Exercise details:
Nothing but the records themselves, exactly as written, should appear in the reply; leave out the pictures.

Study material:
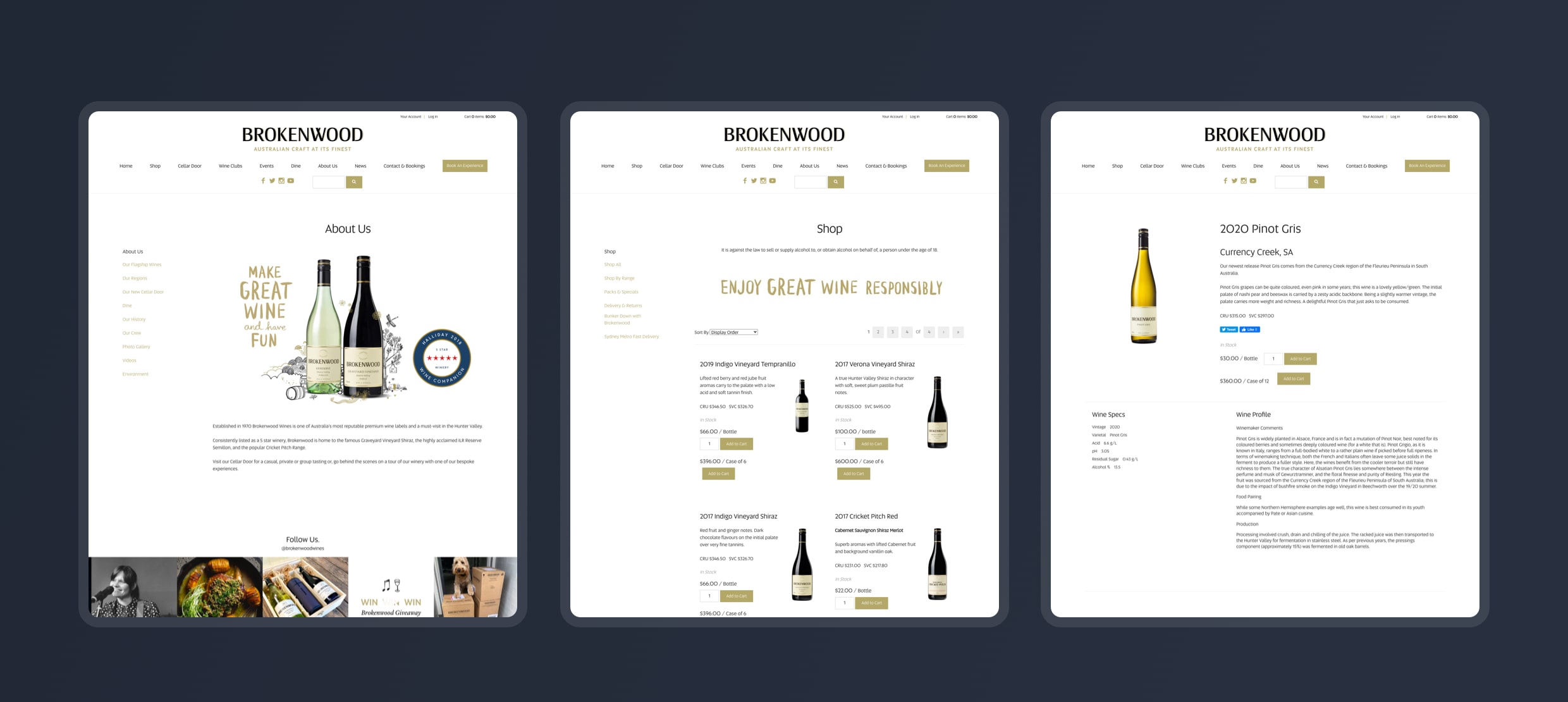 Brokenwood wines About Us, Shop, and 2020 Pinot Gris product details pages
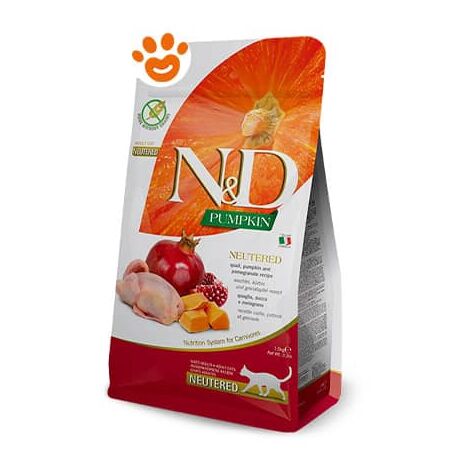 Farmina Cat N&ampD Pumpkin Neutered Adult Quaglia Zucca e Melograno  - Farmina Cat N&ampD Pumpkin Neutered Adult Quaglia Zucca e Melograno - Sacco Da 1,5 Kg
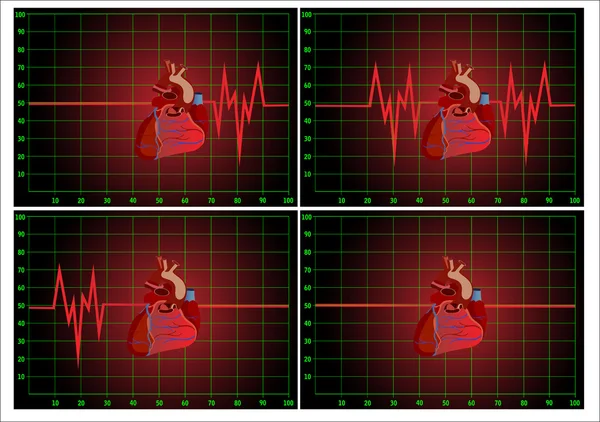 Heart pulse monitor with heart — Stock Vector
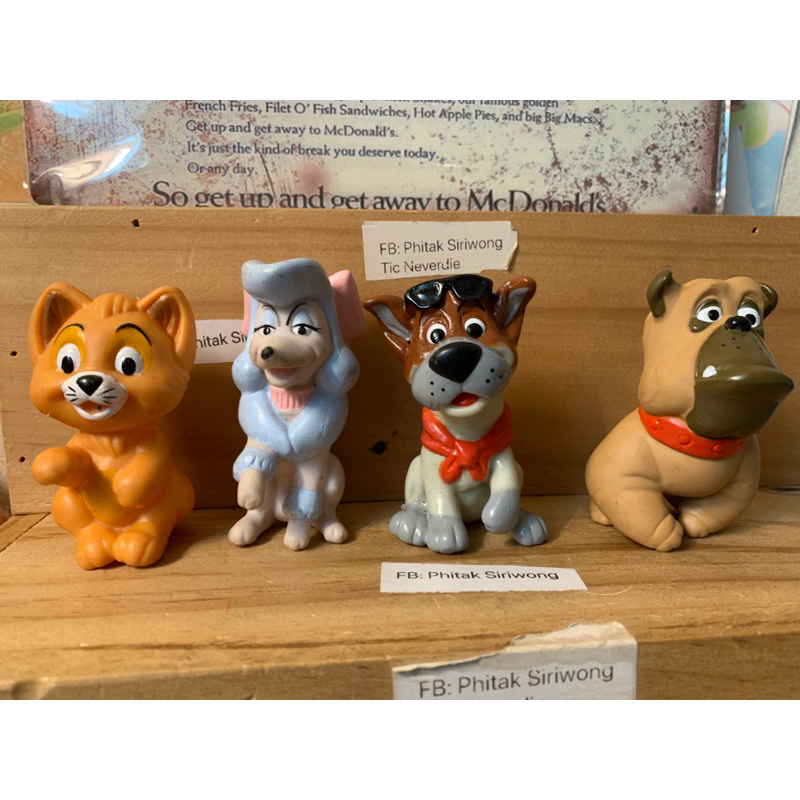 McDonald's 1988 OLIVER & CO. Disney Movie CAT DOG Finger Puppet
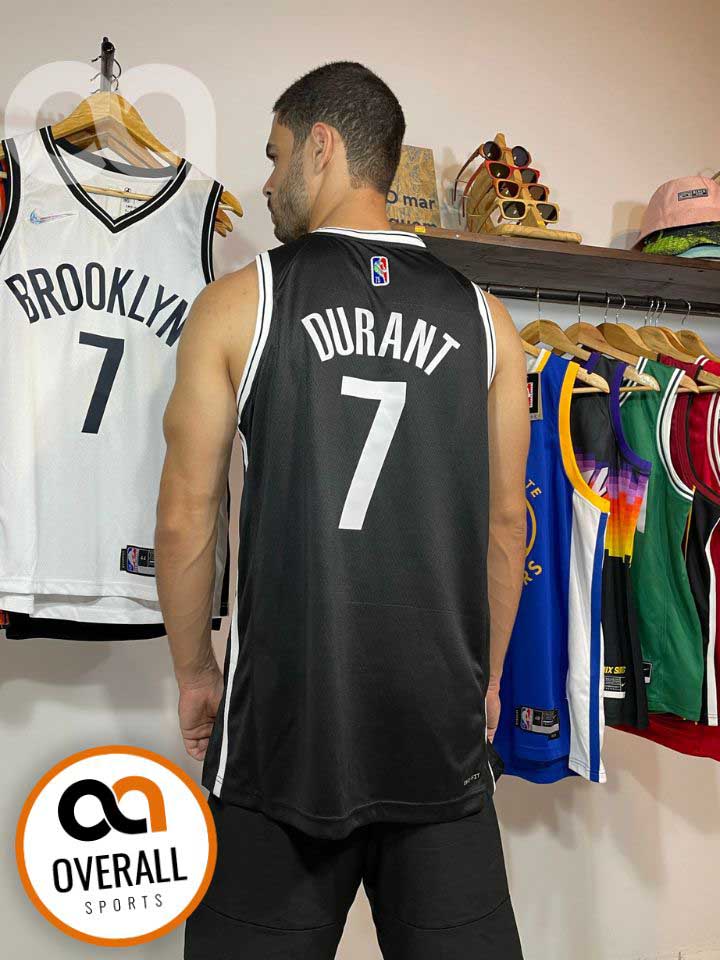 Regata NBA Brooklyn Nets Icon Edição 75 anos Kevin Durant Preta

Solution for this problem:
 Brokenwood wines About Us, Shop, and 2020 Pinot Gris product details pages
 Farmina Cat N&ampD Pumpkin Neutered Adult Quaglia Zucca e Melograno  - Farmina Cat N&ampD Pumpkin Neutered Adult Quaglia Zucca e Melograno - Sacco Da 1,5 Kg
 Heart pulse monitor with heart — Stock Vector
 McDonald's 1988 OLIVER & CO. Disney Movie CAT DOG Finger Puppet
 Regata NBA Brooklyn Nets Icon Edição 75 anos Kevin Durant Preta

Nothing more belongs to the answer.